» **Brief**
Go through the data below and copy it exactly, skipping every picture.

» **Provided material**

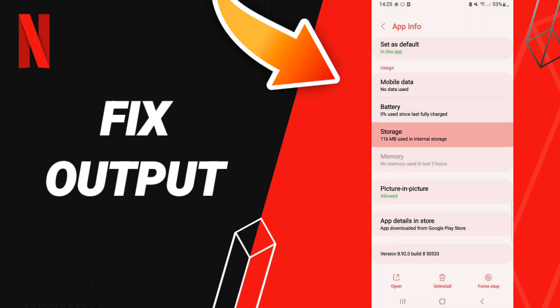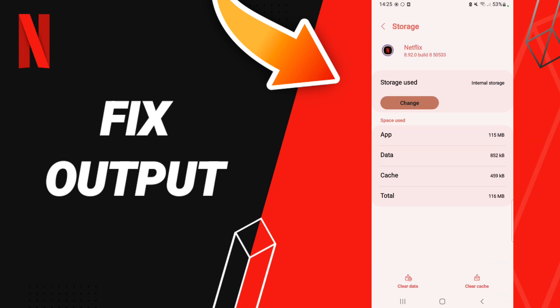Then you will enter Storage. Here in this page we click Clear Cache. Don't click Clear Data because that can cause errors on your app.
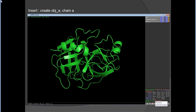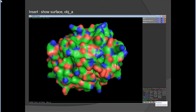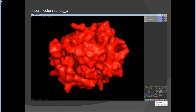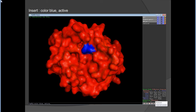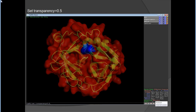For surface representation, open chymotrypsin or chymotrypsinogen, hide everything, then type 'show surface'. To create objects, type 'create obj_a, chain A' — this creates a copy of object A from chain A. Then type 'show surface, obj_a'. Color it with 'color red, obj_a' or 'color green, obj_a'. To highlight the active site, type 'select active, (residue) and chain A', then 'color blue, active'. You can also set transparency with 'set transparency = 0.5, 0.25, or 0.75'.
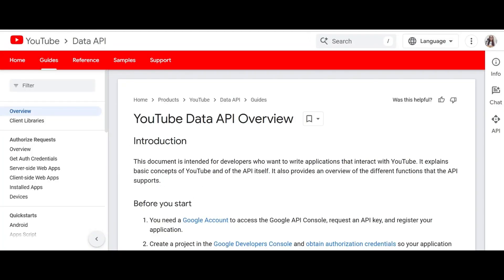Number 7: YouTube API. The YouTube Data API allows developers to interact with and integrate YouTube's functionalities into their applications. It enables features such as searching for videos, fetching videos, uploading videos, managing playlists, and more.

» **Result**
Then you will enter Storage. Here in this page we click Clear Cache. Don't click Clear Data because that can cause errors on your app.
For surface representation, open chymotrypsin or chymotrypsinogen, hide everything, then type 'show surface'. To create objects, type 'create obj_a, chain A' — this creates a copy of object A from chain A. Then type 'show surface, obj_a'. Color it with 'color red, obj_a' or 'color green, obj_a'. To highlight the active site, type 'select active, (residue) and chain A', then 'color blue, active'. You can also set transparency with 'set transparency = 0.5, 0.25, or 0.75'.
Number 7: YouTube API. The YouTube Data API allows developers to interact with and integrate YouTube's functionalities into their applications. It enables features such as searching for videos, fetching videos, uploading videos, managing playlists, and more.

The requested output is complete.